As duas faces da Educação Neoliberal

Jesus Maria Sousa

Num exercício de projeção de futuro, tendo em vista o desenvolvimento do pensamento estratégico indispensável a quem deseje tomar a iniciativa da mudança, ao invés de ser por ela comandado, a construção de cenários é uma técnica que dá atenção às tendências, geralmente em oposição, que já se fazem sentir na atualidade. No momento político em que vivemos, de incerteza e indefinição sobre o que o futuro nos reserva, são nítidas duas driving-forces que se degladiam: por um lado as forças do neoliberalismo, e por outro, as da coesão social. Pois bem, este texto pretende abordar dois cenários possíveis em Educação, sob a batuta do neoliberalismo, deixando para o próximo texto a descrição de outros dois, marcados pelas políticas de coesão social. Convido o leitor a me acompanhar nestas deambulações. Como será a Educação daqui a 10 anos?

Num dos cenários de Educação Neoliberal, qualquer pessoa que deseje fundar uma escola ou uma universidade poderá fazê-lo, com pouquíssima exigência à partida, dado que será o mercado, mais tarde, a separar o trigo do joio, pois assim como haverá liberdade total para a sua abertura, também existirá liberdade total para os alunos escolherem as instituições que quiserem frequentar. Pois será o mundo do trabalho a determinar quais são as boas e as más, ao aceitarem uns e recusarem outros candidatos, conforme a formação de origem, na lógica de que o aluno deverá ser preparado para o mercado de trabalho.

O professor deixará de ser o profissional de educação, preocupado com o desenvolvimento da cidadania, o espírito crítico e a participação, para se focar no que Apple designa de “capital técnico-científico”, onde terão lugar as matemáticas, engenharias, biotecnologias, microeletrónicas, etc., do campo específico das ciências duras, aliado a duas línguas estrangeiras (Inglês e Espanhol ou Mandarim).

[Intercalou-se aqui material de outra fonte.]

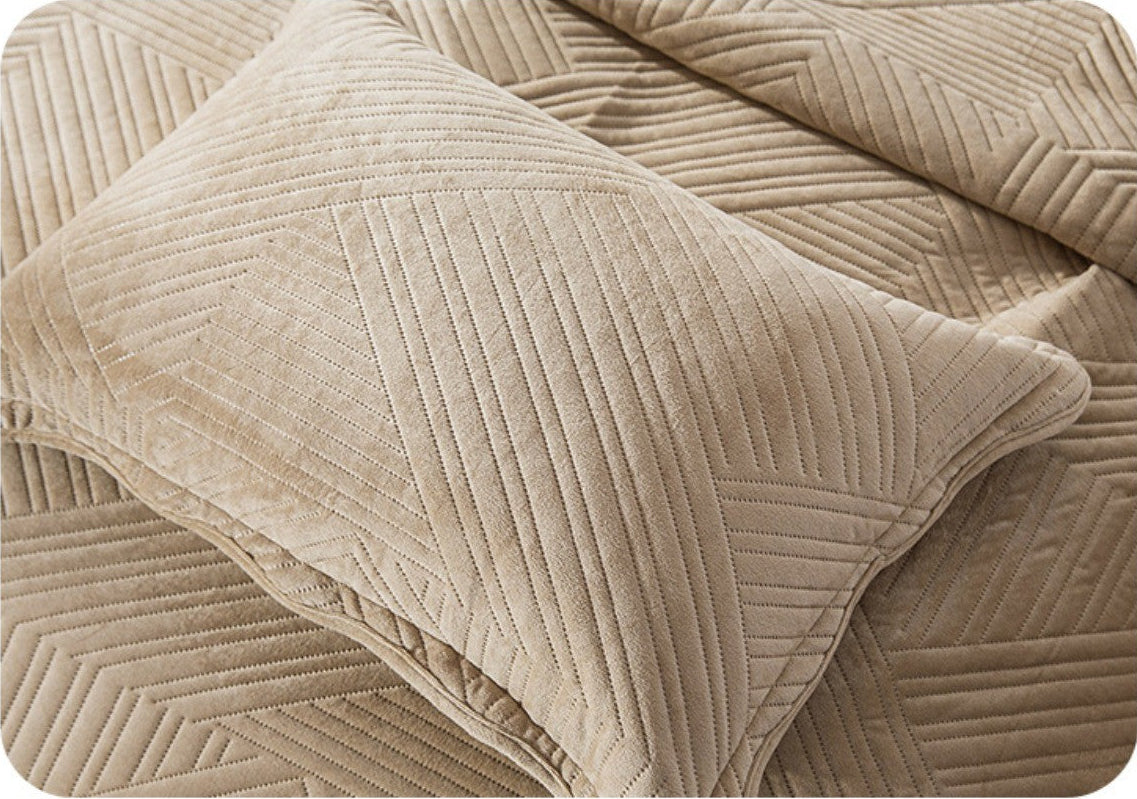 Beige textured bed cover with pillow on a white background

A reflexão filosófica não será necessária, tal como o questionamento crítico que as ciências sociais poderiam estimular. As artes e as humanidades também serão vistas como áreas ociosas de fruição e de lazer, por isso incompatíveis com as exigências do mundo moderno.

Sendo os alunos e os pais dos alunos consumidores diretos, ao professor ficará reservado o papel de prestador de serviços, sendo ele o responsável exclusivo pelo sucesso ou insucesso do aluno, e por isso mesmo facilmente descartável se os resultados forem negativos. Com a redução do financiamento do Estado e correspondente desresponsabilização social, o exercício da profissão docente passará a ser altamente precária. Não existirão contratos de trabalho prolongados, e muito menos definitivos. O professor terá de acumular percentagens aqui e ali, para prover o seu sustento e prevenir o desemprego.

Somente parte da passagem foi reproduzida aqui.